Cuando me mudé a París a los 15 años para trabajar como modelo, lo primero que me sorprendió fue qué tan diferente se comportaban los hombres. Ellos me abrían la puerta, querían pagarme la cena. En vez de sentirme celebrada,  me sentí tratada con condescendencia. Decidí proclamar mi poder de la manera que había aprendido en Suecia: siendo sexualmente asertiva. En las discos, cuando veía a algún desconocido atractivo, bailaba hasta llegar a él para hacerle saber que lo había escogido. Casi siempre huían y cuando no, me preguntaban cuánto cobraba.

En Francia, las mujeres tienen poder pero es un poder secreto, como un cuchillo stiletto. Todo se trata de manipulación: la astuta sexy que atrae al hombre para hacer con él lo que quiere. No fue sino hasta que llegué a los Estados Unidos, a los 18, y me enamoré de un estadounidense que realmente tuve que revisar mis nociones culturales.

Resultó que la mayoría de los estadounidenses no consideran al sexo como un hábito saludable o un instrumento de negociación. En vez de eso era algo secreto. Si yo mencionaba la masturbación se les ponían las orejas rojas. ¿Orgasmos? Los hombres hacían comentarios obscenos, las mujeres guardaban silencio. Había una línea fina entre lo privado y lo vergonzoso. El ginecólogo me hablaba del tiempo mientras me hacía el examen pélvico como si yo fuera una joven victoriana que no sabía donde estaban todas mis cosas.

En Estados Unidos, el cuerpo de una mujer parecía pertenecer a todo mundo menos a ella. Su sexualidad pertenecía su marido, su opinión sobre sí misma a los círculos  sociales y su útero pertenecía al gobierno. Ella debía ser madre, amante y  profesionista (por un pago mucho menor) al mismo tiempo que debía permanecer perpetuamente joven y delgada. En Estados Unidos los hombres importantes son deseables. Las mujeres importantes tenían que ser deseables. Eso me enojó.

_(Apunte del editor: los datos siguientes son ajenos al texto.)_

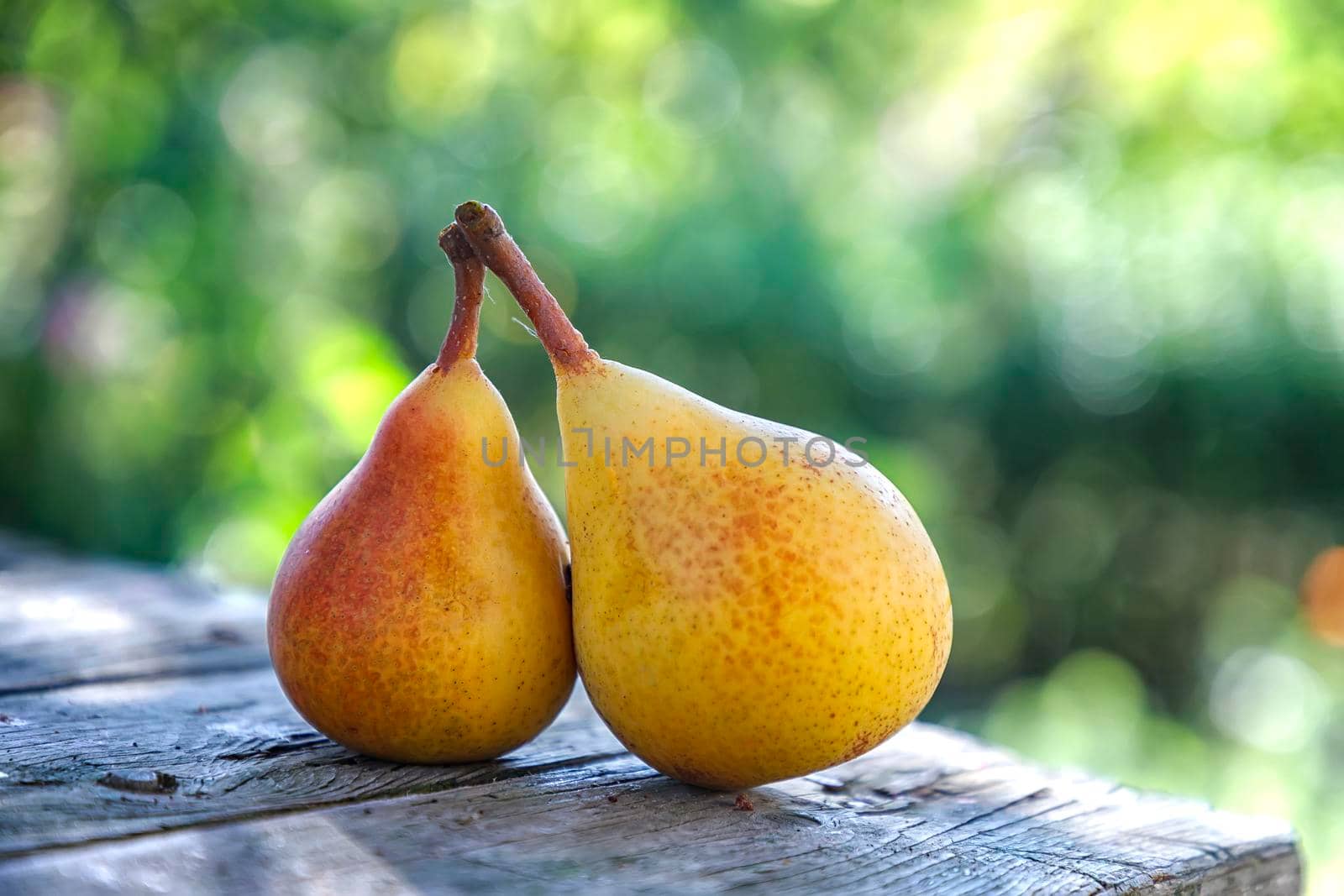 Two fresh pears on the table. Blurred background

En la República Checa, los apodos para las mujeres siempre son de animales: Mi pollita gatito, vaca vieja, puerca. En Suecia, las mujeres son las gobernantes del universo. En Francia las mujeres son objetos peligrosos para atesorar y temer. Para mal o para bien, en esos países las mujeres saben su lugar.

Pero a las mujeres estadounidenses se le dice que pueden hacerlo todo y luego se acaba con ella en el momento que lo hace. Al adaptarme a mi nuevo país, mi poder como mujer sueca empezó a marchitarse. Me uní a mujeres cercanas que trataban de hacerlo todo y fracasaban miserablemente. Ahora no tengo otra opción que sacar del cajón polvoriento la palabra “feminista” y desempolvarla.

Mi nombre es Paulina Porizkova y soy una feminista.